Never in my life have I heard more backwood accents and un-comprehendible jargon as I have during these past few weeks. To pick up the phone, answer it, and then be cussed out by someone that you know must be 400 pounds or more, have one of their hands buried in a cheeto bag while the other is massaging a hoagie into their face is pretty nice. Actually, I like that a lot, especially when I can clearly hear the cow-like chewing sound of them gnawing down Little Debbies and Moon Pies. What I also enjoy is speaking to the classic Marlboro man redneck, chain-smoking and coughing lung butter all over the phone’s receiver while I try to convey directions to him as to how he should program his television set to the right signal. That too has become one of my favorite things to do.

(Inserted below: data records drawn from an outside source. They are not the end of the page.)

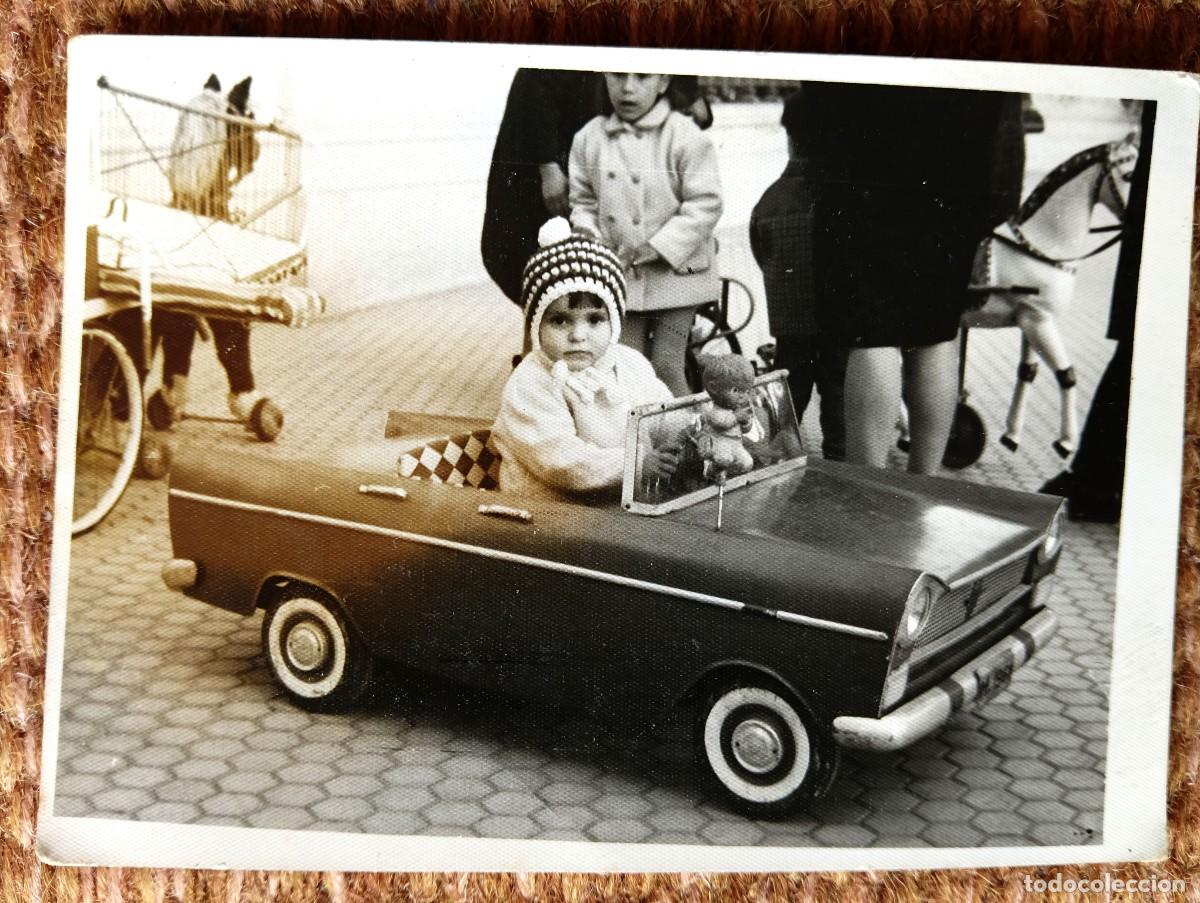 Fotograf&iacute;a antigua: NI&Ntilde;O EN COCHE ANTIGUO - FOTOGRAFO MINUTERO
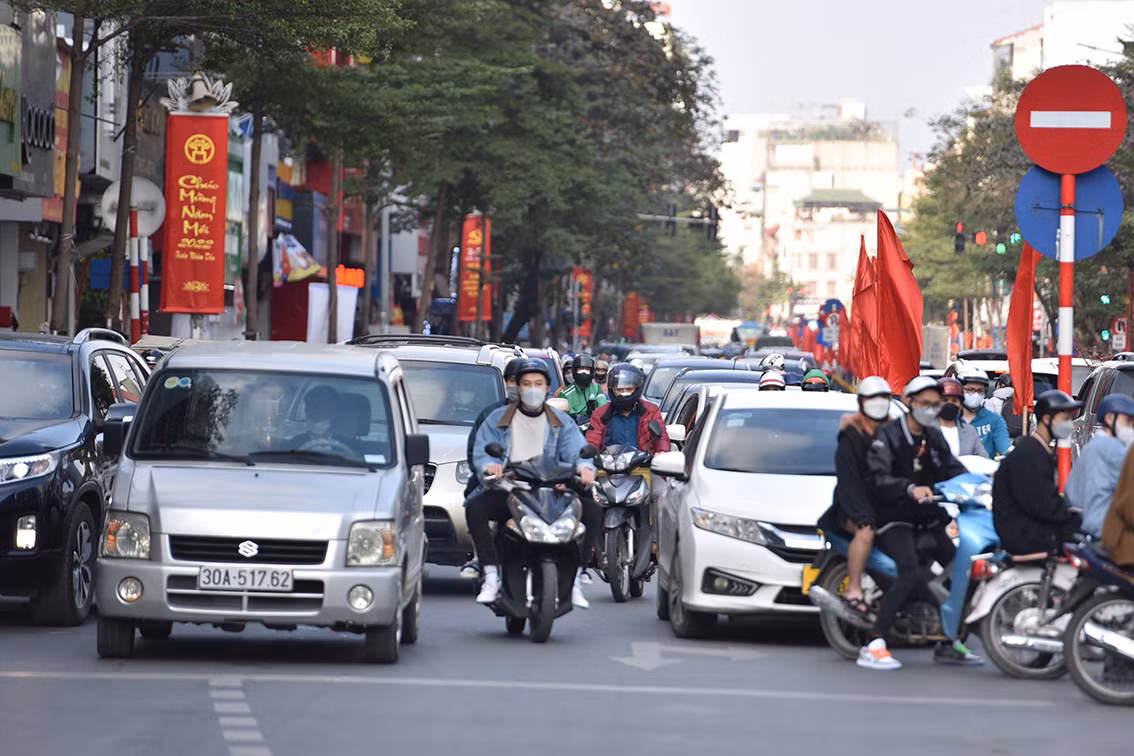 Nhu cầu đi lại dịp cuối năm tăng cao nên lưu lượng phương tiện giao thông đổ ra các tuyến đường nhiều lên bất chợt.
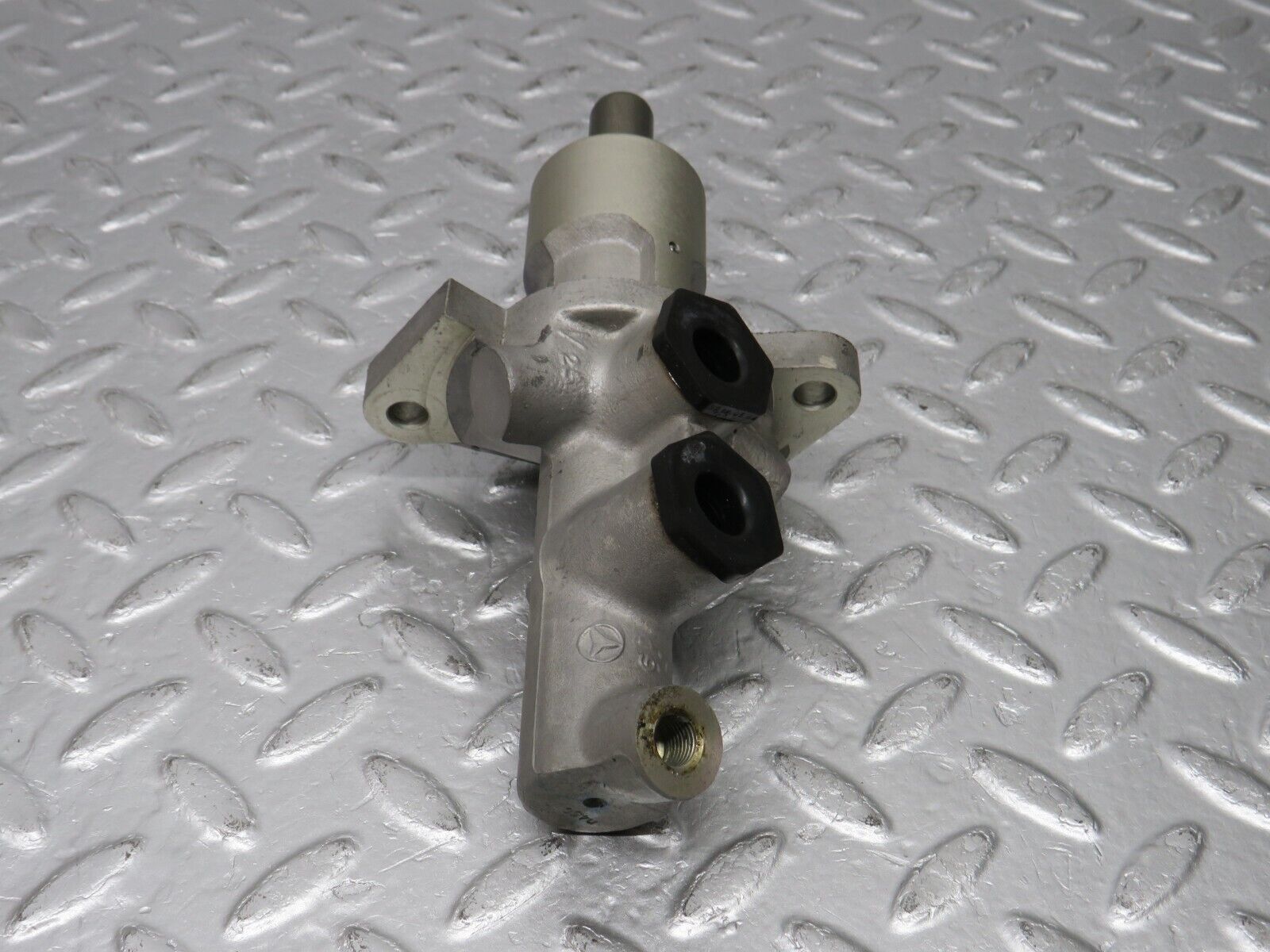 38438 Mercedes-Benz R129 280SL Coupe Brake Master Cylinder Girling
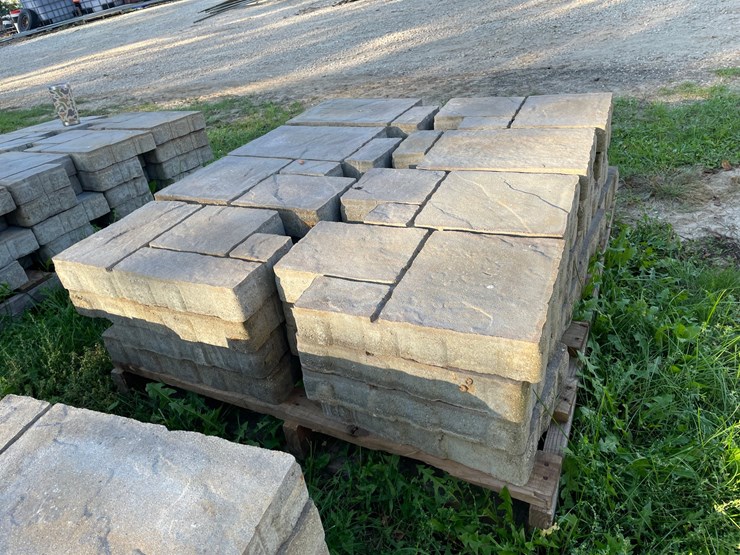 #3188-•-(2)-pallets-of-decorate-concrete-landscape-pavers-image-5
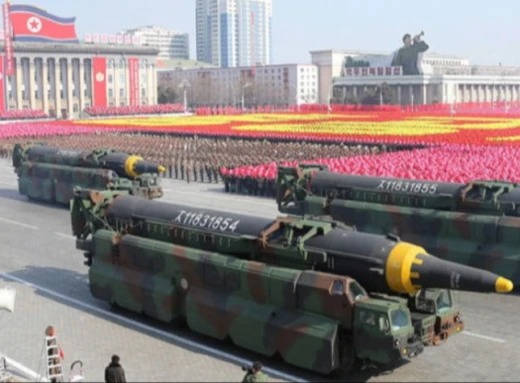 Північна Корея провела випробування твердопаливної гіперзвукової ракети фото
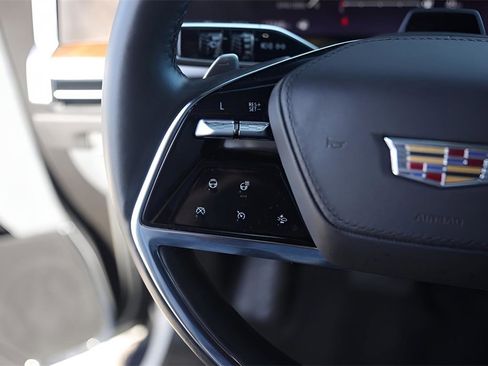 Certified 2025 Cadillac Escalade ESV Premium Luxury Platinum image 15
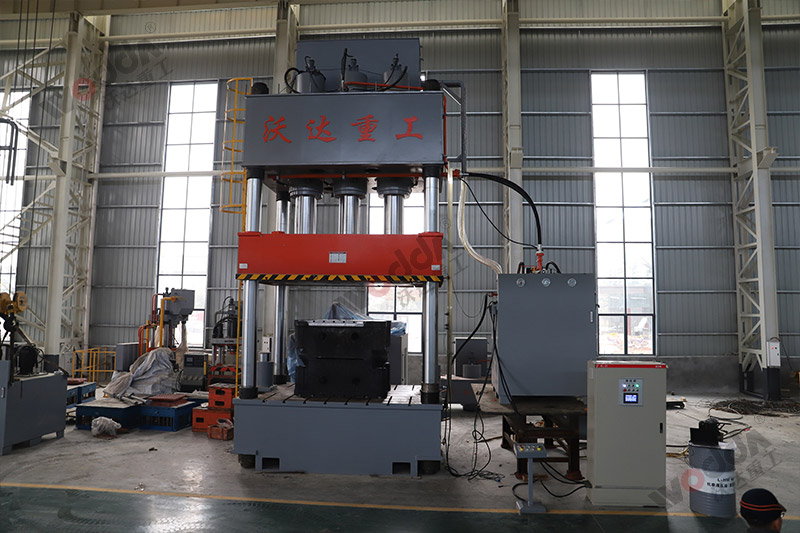 1250噸複合材料排水溝成型液壓機 1250噸複合材料排水溝成型液壓機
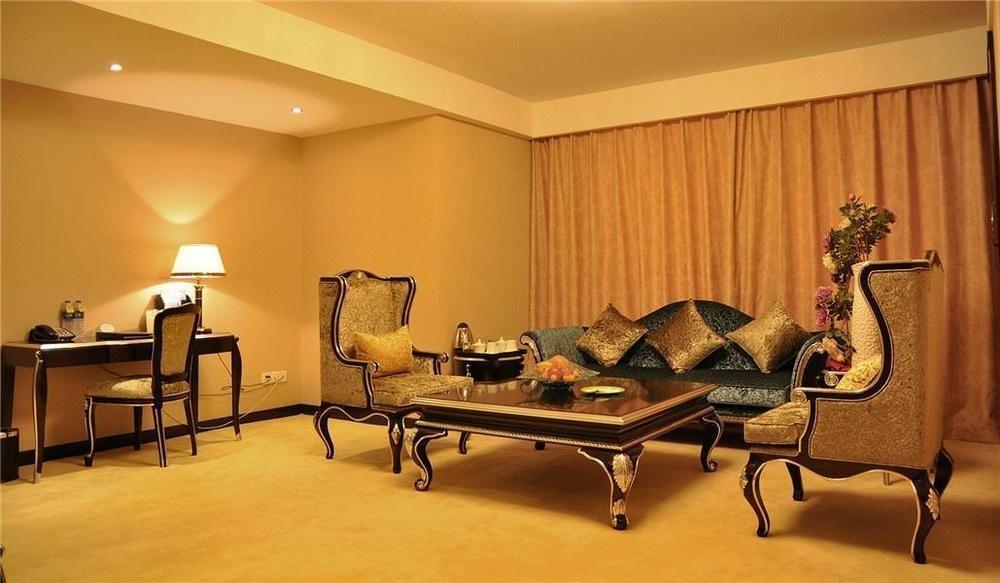 Luoyang Grand Hotel Esterno foto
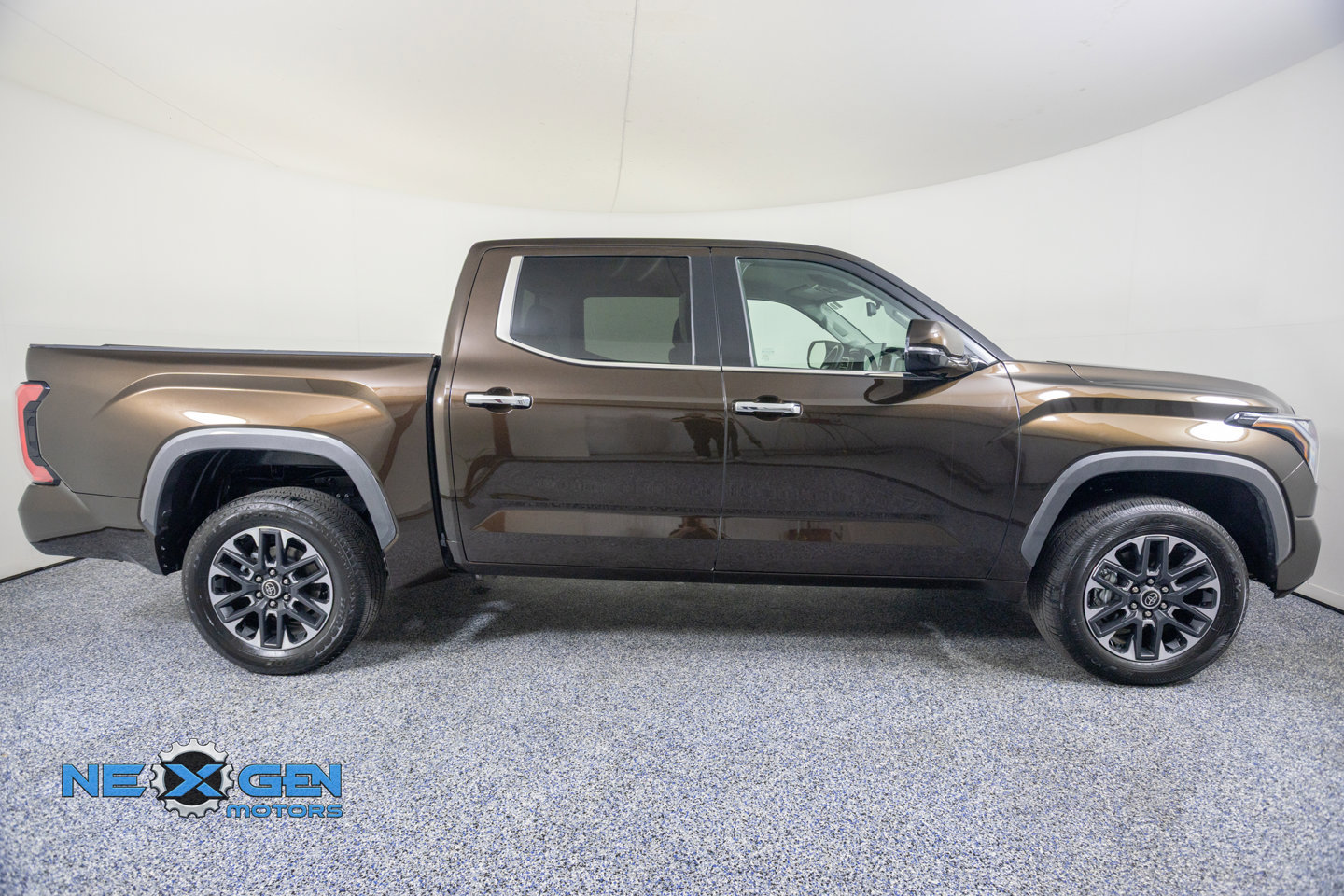 Used 2024 Toyota Tundra Limited AWD/4WD image 9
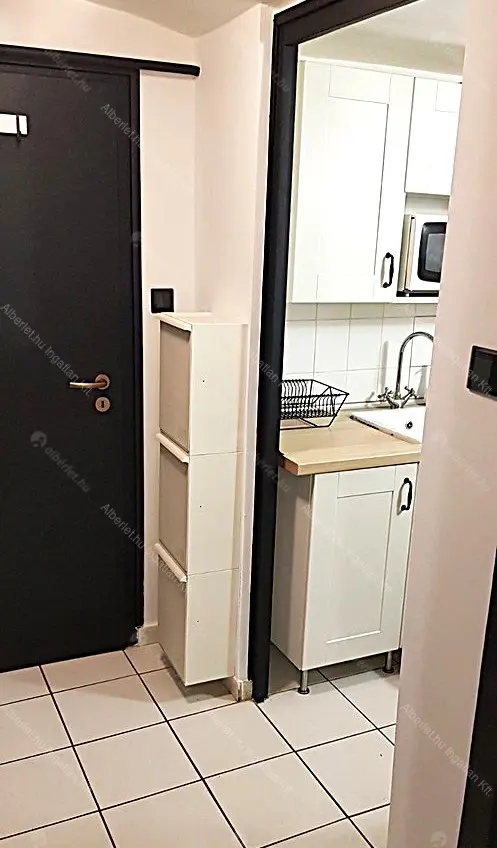 Kiadó albérlet 220000 Ft/hó áron: Budapest, VI. kerület  Csengery utca. Mérete: 35 nm, 1 szobás | Alberlet.hu - 6709398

I’m attentively writing these questions and comments down each day in hopes to make million in the near future when I publish a book about these things. It amazes me how dumb ninety-percent of the people out there are, and don’t get me wrong, there’s a select few that aren’t, and they’re generally polite, can be reasoned with, and will be receptive to instruction as I try to tell them what they need to do next in order to resolve the issue at hand. There’s really no lying when I say this though, I enjoy what I do immensely, and find very much enjoyment in waking up to do it daily.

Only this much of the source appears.